When the bereaved are not present at the time of a traumatic death, information to update negative appraisals about how the deceased died, such as how long the deceased may have suffered, can be accessed from other sources of information. For example, information may be gathered from other people who were present at the scene or from conducting site visits, especially if accompanied by the therapist. Site visits can provide contextual data to update negative appraisals about the death. For example, ‘I now know how he could not have escaped from the gunman because there was only one entrance’ or ‘I can see now that he was more likely to have died instantly because the drop on the bend in the road is so steep’. Other resources, such as coroner's records, pathology reports, memories of inquest hearings, and newspaper reports at the time can be invaluable to help modify exaggerated appraisals about prolonged suffering at the time of death. We have used information from such sources to help clients to reconstruct a more accurate, less distressing narrative of the last moments of the deceased's life. An effective technique to install such new information in the memory more deeply is to incorporate the new information discovered in therapy during imaginal reliving in the same way that the trauma memory is updated in CT-PTSD. This technique has proven to be effective with clients traumatically bereaved by events, such as house fires, road traffic incidents, bombings and shootings.

Appraisals related to responsibility for the death

In PCBD, guilt usually relates to appraisals that the bereaved should have done something to prevent the death of their loved one. One young man's friend was shot dead by paramilitary gunmen who riddled the car with bullets. The patient was in a nearby street but unaware who the victim was at the time. He developed self-punishing negative appraisals, ‘I should have done something to help him’ and ‘he must have suffered awfully because it would have taken ages for him to die’, ‘he must have been frozen in horror as the gunmen approached and died terrified’, ‘how can he rest in peace dying that way?’. Other sources of information were helpful to update the patient's appraisals. From newspaper clippings we discovered that the event occurred at dusk and also his friend's car was stopped at an angle facing the opposite direction from the approaching gunmen. The patient could now accept that it was highly unlikely his friend saw the gunmen approaching at all. Further Socratic dialogue revealed that these groups use the element of surprise as a tactic to get close to their targets, again challenging the patient's appraisals. Another source of help was the pathologist report to the inquest, which explained that the first bullets entered the deceased's brain so he would have died instantly. A discussion followed regarding other likely negative effects of intervention the patient or others could have made, which enabled new appraisals to be formed: ‘my friend would still have died and I or others would have probably been killed also’, ‘others could have been killed if I had caused the gunmen to shoot away from the car towards me’. Updating these appraisals enabled the young man to visit his friend's grave and to say goodbye.

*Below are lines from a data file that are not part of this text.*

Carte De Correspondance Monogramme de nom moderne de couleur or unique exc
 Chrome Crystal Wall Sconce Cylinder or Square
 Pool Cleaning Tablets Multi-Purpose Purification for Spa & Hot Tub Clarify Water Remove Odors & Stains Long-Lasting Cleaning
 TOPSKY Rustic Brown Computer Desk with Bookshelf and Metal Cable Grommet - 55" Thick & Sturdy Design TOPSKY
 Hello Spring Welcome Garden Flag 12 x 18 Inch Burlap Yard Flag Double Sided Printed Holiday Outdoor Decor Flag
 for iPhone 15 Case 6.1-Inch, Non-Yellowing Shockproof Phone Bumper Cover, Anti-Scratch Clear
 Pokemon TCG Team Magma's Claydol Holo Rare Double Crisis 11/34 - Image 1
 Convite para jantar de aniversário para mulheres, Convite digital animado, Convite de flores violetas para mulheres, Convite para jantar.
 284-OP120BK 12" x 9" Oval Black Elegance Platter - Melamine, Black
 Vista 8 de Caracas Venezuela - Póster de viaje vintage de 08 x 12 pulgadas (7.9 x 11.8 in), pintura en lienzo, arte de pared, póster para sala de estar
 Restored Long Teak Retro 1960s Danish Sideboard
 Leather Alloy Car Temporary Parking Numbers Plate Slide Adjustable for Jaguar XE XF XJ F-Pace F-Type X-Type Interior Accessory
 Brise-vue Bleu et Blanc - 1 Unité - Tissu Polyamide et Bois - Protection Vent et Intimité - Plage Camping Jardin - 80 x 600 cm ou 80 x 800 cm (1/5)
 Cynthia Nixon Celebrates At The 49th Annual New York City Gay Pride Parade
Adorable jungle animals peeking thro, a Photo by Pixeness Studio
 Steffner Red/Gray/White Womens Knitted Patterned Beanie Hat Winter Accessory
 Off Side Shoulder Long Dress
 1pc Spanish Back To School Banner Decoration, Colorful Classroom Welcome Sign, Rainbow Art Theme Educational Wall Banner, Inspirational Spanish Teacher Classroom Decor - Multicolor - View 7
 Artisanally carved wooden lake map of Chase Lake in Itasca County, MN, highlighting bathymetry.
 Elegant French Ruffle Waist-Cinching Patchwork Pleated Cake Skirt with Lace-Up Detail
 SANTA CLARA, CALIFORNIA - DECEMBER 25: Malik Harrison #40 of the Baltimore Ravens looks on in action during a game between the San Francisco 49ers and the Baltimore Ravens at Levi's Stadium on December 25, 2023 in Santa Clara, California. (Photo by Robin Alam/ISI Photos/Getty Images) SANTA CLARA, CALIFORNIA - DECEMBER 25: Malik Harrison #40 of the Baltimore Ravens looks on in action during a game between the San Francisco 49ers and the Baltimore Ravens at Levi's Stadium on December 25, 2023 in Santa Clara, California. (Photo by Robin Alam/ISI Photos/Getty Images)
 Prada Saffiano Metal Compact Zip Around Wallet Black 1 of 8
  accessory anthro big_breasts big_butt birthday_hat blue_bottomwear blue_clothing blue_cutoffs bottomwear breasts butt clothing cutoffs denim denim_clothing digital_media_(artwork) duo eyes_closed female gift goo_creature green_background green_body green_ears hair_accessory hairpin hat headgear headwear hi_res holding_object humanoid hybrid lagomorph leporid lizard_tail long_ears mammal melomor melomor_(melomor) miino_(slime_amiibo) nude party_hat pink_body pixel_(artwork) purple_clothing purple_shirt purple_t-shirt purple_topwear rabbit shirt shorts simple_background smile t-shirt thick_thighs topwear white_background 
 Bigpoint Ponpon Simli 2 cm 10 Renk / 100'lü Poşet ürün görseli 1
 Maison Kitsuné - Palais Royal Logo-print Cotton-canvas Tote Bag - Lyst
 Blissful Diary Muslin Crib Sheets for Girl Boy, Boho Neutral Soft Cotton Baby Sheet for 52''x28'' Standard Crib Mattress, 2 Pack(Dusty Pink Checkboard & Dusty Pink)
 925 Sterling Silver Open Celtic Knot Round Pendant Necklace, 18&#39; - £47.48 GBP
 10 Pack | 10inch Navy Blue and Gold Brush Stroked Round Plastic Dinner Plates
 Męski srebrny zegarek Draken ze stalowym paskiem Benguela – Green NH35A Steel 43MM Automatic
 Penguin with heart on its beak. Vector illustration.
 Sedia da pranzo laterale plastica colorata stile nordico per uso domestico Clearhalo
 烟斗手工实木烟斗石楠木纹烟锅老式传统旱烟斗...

A father who had been out walking with his children believed that his perceived ‘negligence’ had caused his daughter's death when a car collided into his family. His main appraisals linked to guilt were ‘I am responsible, I should have seen the danger coming’. These appraisals were modified by discovering updating information through imaginal re-living and drawing the scene on the whiteboard in great detail. The patient's responsibility belief dropped from 100% to 40% with new information. The therapist then explored possible blocks to assimilating the new information. They revealed that he was frightened to let go of these negative beliefs (appraisals) in case it he would lose his ‘emotional connection’ to his daughter's memory. Further Socratic discussion enabled him to construct an alternative appraisal that ‘to remember her life was as important as remembering how she died’ and he was then able to discuss the relationship that he had shared with his daughter when she was alive. This attentional shift helped the patient to connect with pre-trauma memories and further reduce the strength of the appraisal linked to guilt. His belief rating dropped from 40% to 10%. Even though he still retained a small degree of self-blame for her death, he was able to contextualize the trauma within a lifetime of caring for her and to integrate the traumatic loss with pleasant pre-trauma autobiographical memories.

Another helpful therapeutic technique in this respect is to ask the patient what they did that was helpful. This can help the patients to shift attentional focus away from what they did not do to recall all the help that they did offer. One client lost her husband who died by suicide. Her husband had been very depressed and had been in treatment for depression. The patient had supported her husband for several months with his therapy, his family and his distressing symptoms. He then suddenly took his life. She believed she should have spotted the signs that he was going to take his life and prevented him from doing so. She rated her responsibility belief at 100%. Therapy helped her to focus on all the help she had provided such as taking him to his therapy appointments, supporting visits with his family and comforting him during periods of intense sadness. She was asked to make a list of everything she had done to help her husband. Her list spanned three pages and at the end of the session, she re-rated her belief ‘I should have spotted the signs he was going to take his life and prevented him from doing so’ at 10%.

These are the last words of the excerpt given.